Source information

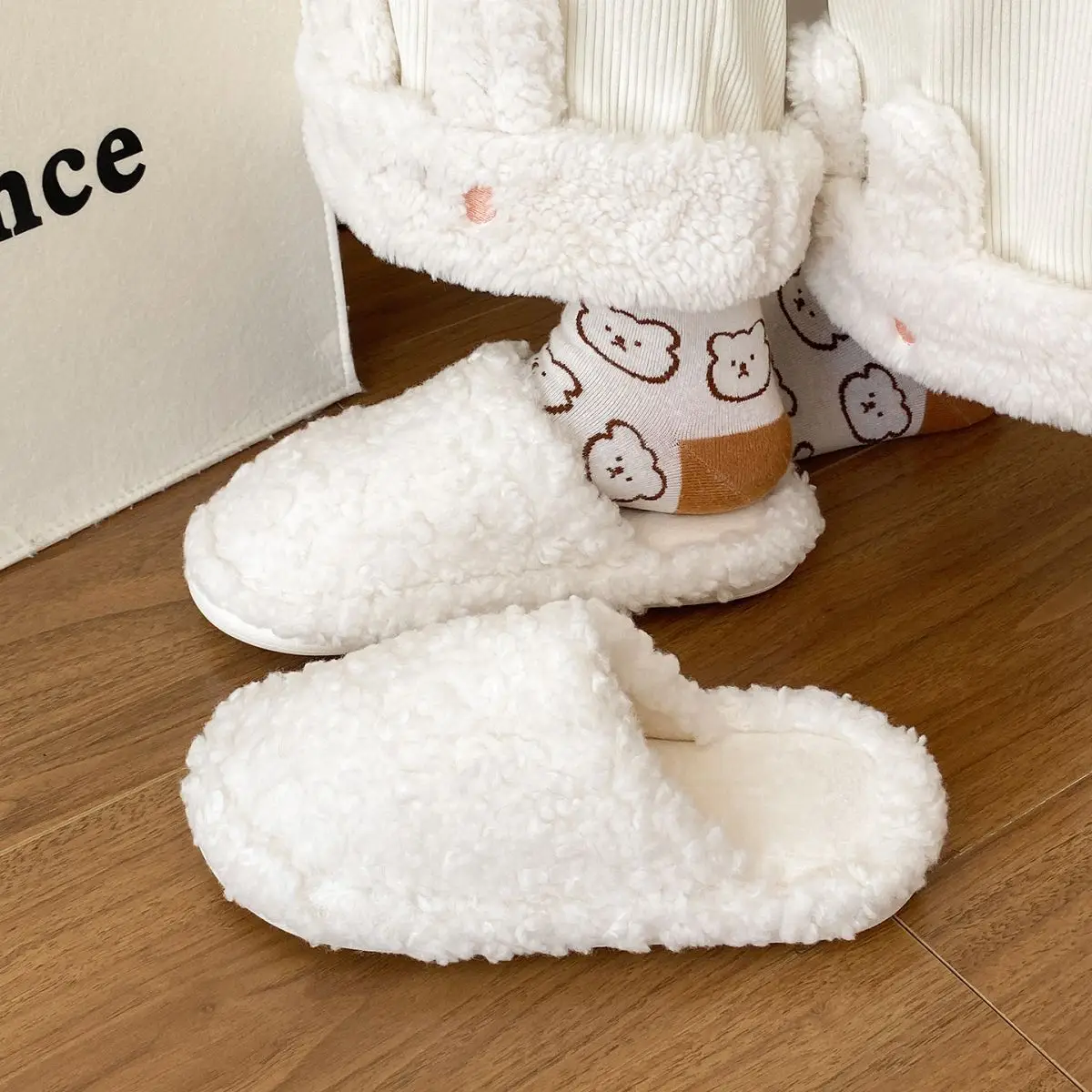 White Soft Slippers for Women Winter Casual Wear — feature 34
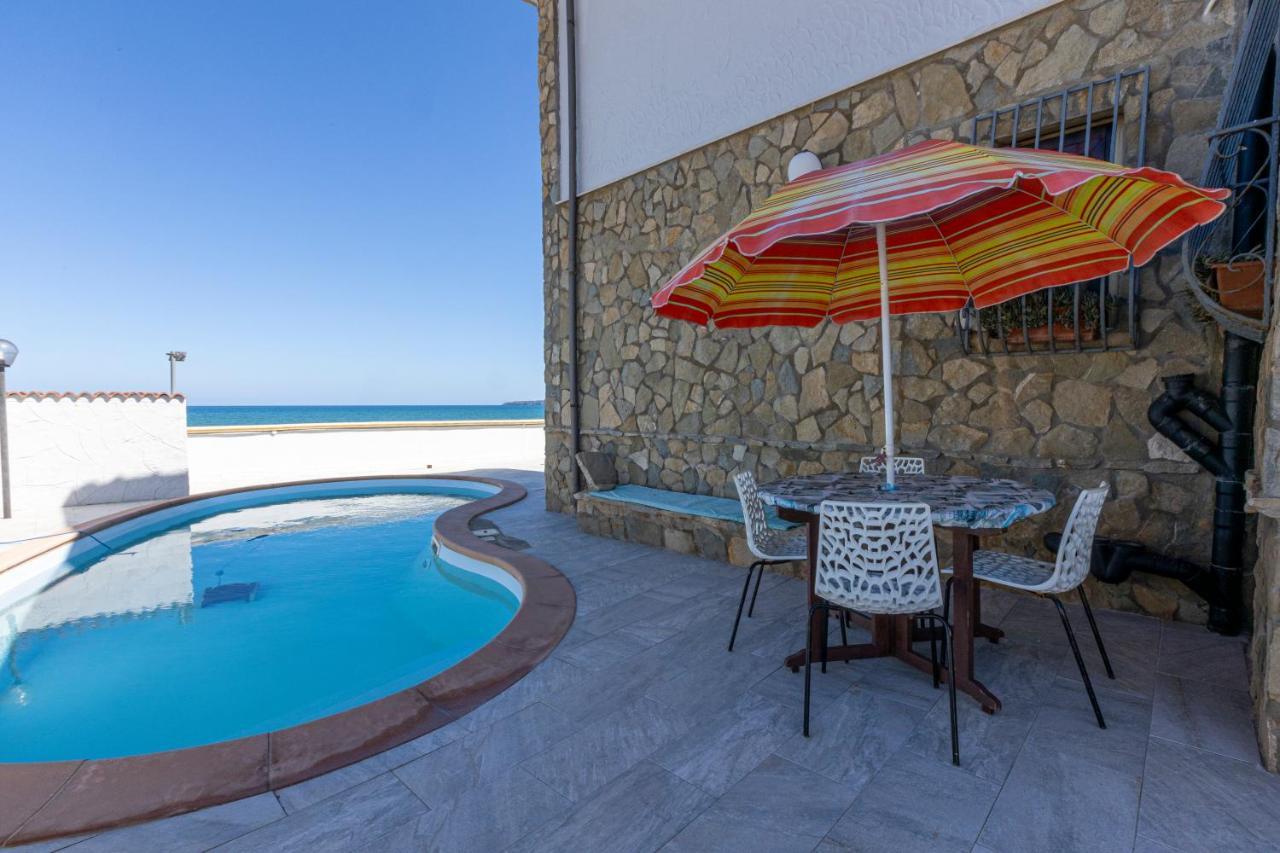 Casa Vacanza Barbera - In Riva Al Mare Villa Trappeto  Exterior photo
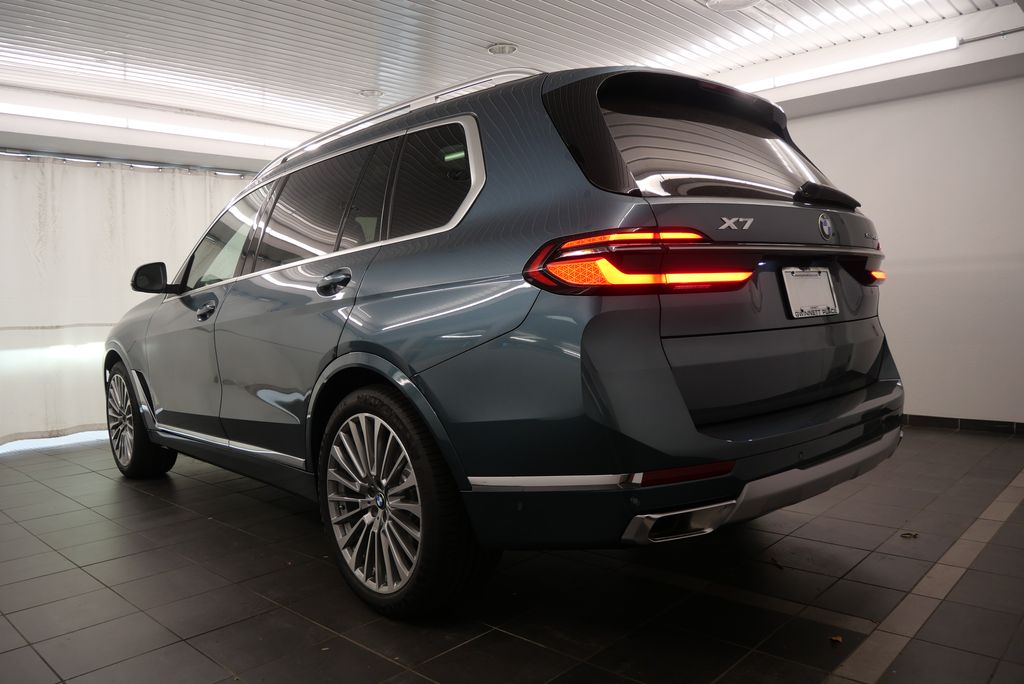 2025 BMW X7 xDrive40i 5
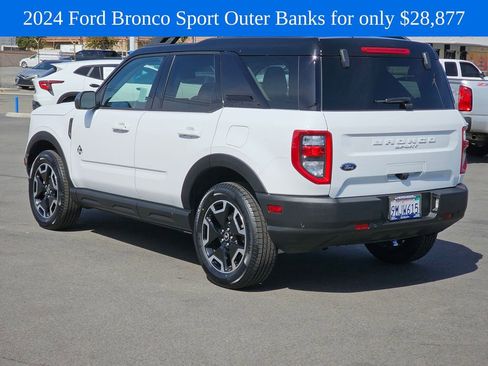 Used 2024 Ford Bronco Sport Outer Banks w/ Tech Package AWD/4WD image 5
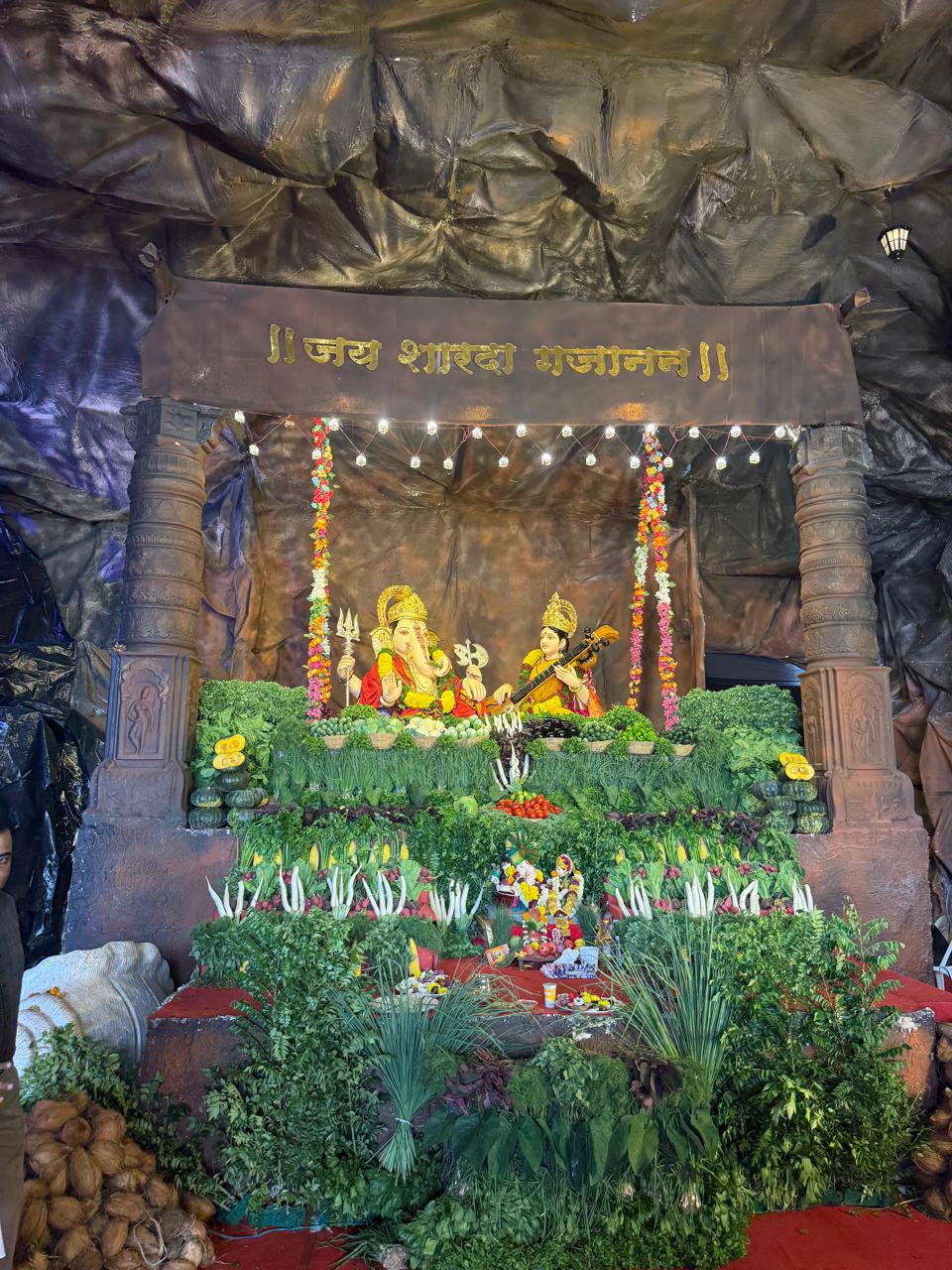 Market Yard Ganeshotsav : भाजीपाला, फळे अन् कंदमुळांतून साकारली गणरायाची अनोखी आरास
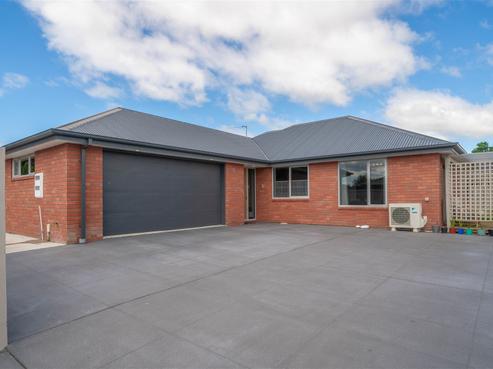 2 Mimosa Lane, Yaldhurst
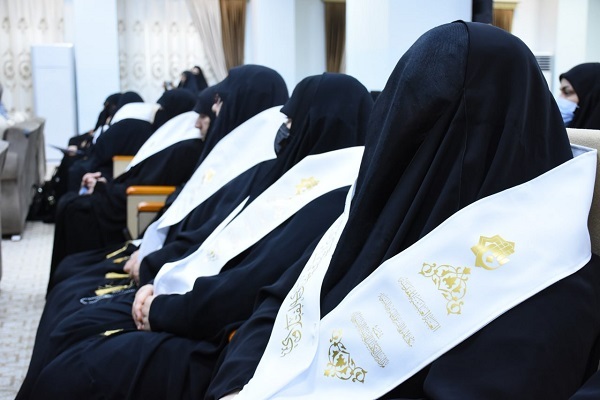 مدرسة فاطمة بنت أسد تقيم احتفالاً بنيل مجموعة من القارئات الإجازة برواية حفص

What to work on
Would you output the data exactly, without any of its images?

Answer space
 White Soft Slippers for Women Winter Casual Wear — feature 34
 Casa Vacanza Barbera - In Riva Al Mare Villa Trappeto  Exterior photo
 2025 BMW X7 xDrive40i 5
 Used 2024 Ford Bronco Sport Outer Banks w/ Tech Package AWD/4WD image 5
 Market Yard Ganeshotsav : भाजीपाला, फळे अन् कंदमुळांतून साकारली गणरायाची अनोखी आरास
 2 Mimosa Lane, Yaldhurst
 مدرسة فاطمة بنت أسد تقيم احتفالاً بنيل مجموعة من القارئات الإجازة برواية حفص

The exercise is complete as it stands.